My nice-but-noisy neighbour, Tony, brought me a bag of new potatoes last night and, in return, asked me to put a Windsor knot in his tie. He was due to attend the First Communion of his elder son, also called Tony of course. The extended family returned from the celebrations at 1.30 in the morning and then caroused until 3.30 as if there was no-one else on the planet, never mind on the other side of the wall. Roll on the next sea trip. Especially as Tony Junior appears to have caught the bawling habit. I wonder if this is what Tony Senior meant when he told me that, after the Communion ceremony, his son would be a man.
Still on local matters, there used to be a convention in our street that no-one parked in front of anyone else’s garage. This has been shattered by Tony’s [equally nice] wife, Amparo, who parks her car wherever she feels like it and at whatever distance and angle from the kerb that takes her fancy. So I wasn’t surprised last week, when I walked past the medical centre where she works as a doctor, to see she’d left her car across the car park exit, thus trapping about 15 other cars. A driver of one of these was sitting in his vehicle sounding his horn in the accepted way of summoning the perpetrator of parking offences. He got no response in the 5 minutes I waited, in vain, to crack a joke at Amparo’s expense.

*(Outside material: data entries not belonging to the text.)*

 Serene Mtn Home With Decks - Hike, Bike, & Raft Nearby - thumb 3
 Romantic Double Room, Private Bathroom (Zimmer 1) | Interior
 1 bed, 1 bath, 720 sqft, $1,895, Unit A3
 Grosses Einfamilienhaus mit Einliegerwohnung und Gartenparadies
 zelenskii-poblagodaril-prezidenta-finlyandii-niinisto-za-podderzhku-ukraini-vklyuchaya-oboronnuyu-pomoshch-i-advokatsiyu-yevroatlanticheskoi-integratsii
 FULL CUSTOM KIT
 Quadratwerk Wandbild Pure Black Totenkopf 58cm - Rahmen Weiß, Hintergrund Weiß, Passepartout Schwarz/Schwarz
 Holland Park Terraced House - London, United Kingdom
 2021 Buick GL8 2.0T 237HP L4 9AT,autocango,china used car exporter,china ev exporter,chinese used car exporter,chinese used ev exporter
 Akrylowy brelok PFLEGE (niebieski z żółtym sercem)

One of the many ways in which Spain scores over the UK is that the streets are clean. There may be several factors at work here but one of them certainly is the rubbish bins at regular intervals, not to mention the large containers that are a feature of every Spanish street. This is despite the fact that the ETA terrorists have been bombing urban areas for more than 40 years. I guess no-one in Spain had the brilliant, something-must-be-done thought that, if all the rubbish bins were removed, the terrorists would throw up their hands and say ‘Oh dear. We can’t use the bins anymore so we’d better abandon our bombing campaign completely.’ Thank God for Spanish pragmatism. And an absence of litigious tendencies, I suspect.
I had a second Google hit today enquiring about ‘brothels in Wallasey’. Just what is going on in my childhood home? Maybe there’s a Spanish quarter there now.